Paragraph three of the plaintiff's prayer for relief claims punitive damages with respect to counts two, three, four, and five. The defendants seek to strike the portion of paragraph three which seeks punitive damages with respect to counts three, four and five on the ground that punitive damages are not permissible where statutory causes of action provide express remedies. The plaintiff counters that, although not CT Page 12032 specifically labeled, the punitive damages claim was included as to count two (intentional trespass) and count five (malicious erection of a structure) and she is not pressing for punitive damages for counts three and four. As to count five, the plaintiff argues that because § 52-570
is silent as to remedies, punitive damages may be awarded.
"When a cause of action has been created by a statute which expressly provides the remedies for vindication of the cause, other remedies should not readily be implied." Fleischmann Distilling Corp. v. Maier BrewingCo., 386 U.S. 714, 720, 87 S. Ct. 1404, 18 L. Ed. 2d 475 (1967). See, e.g.,Koennicke v. Maiorano, 43 Conn. App. 1, 31-32, 682 A.2d 1046 (1996) (plaintiff may collect only those damages specified by a statute, and no additional punitive damages or attorney's fees). In Chrysler Corp. v.Maiocco, 209 Conn. 579, 592, 552 A.2d 1207 (1989), the Supreme Court took up the issue of statutory construction as it related to whether the legislature intended to provide or proscribe certain remedies, in that case, attorney's fees. "When the language is unclear . . . the court must ascertain the statute's meaning. . . ." (Internal quotation marks omitted.) Id. The court must also put the matter in a "proper legislative context." Id., 593.
General Statutes § 52-480, titled, "Injunction against malicious erection of a structure," provides: "An injunction may be granted against the malicious erection, by or with the consent of an owner, lessee or person entitled to the possession of land, of any structure upon it, intended to annoy and injure any owner or lessee of adjacent land in respect to his use or disposition of the same." The plaintiff's contention that § 52-570 is silent as to remedies does not account for the express remedy provided in § 52-480 for the malicious erection of a structure. Case law also suggests that an injunction pursuant to § 52-480 is the exclusive remedy for a violation of §52-570.6 See, e.g., DeCecco v. Beach, 174 Conn. 29, 381 A.2d 543
(1977); Whitlock v. Uhle, supra, 75 Conn. 423; Bradford v.
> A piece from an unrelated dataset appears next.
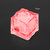 12Pcs Colorful Liquid Sensor LED Ice Cubes Light Wedding Party Decorative Ice Cube (Red)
Kimmerle, Superior Court, judicial district of New London at Norwich, Docket No. 113078 (July 19, 1999, Hurley, J.).
For the foregoing reasons, the court enters the following orders:
I. The Motion to Strike is granted as to Court four;
II. The Motion to Strike is granted as to Count Five;
III. The Motion to Strike is granted as to that portion of paragraph three of the plaintiff's Prayer for Relief which seeks punitive damages with respect to Counts three, four and five of the Revised Complaint.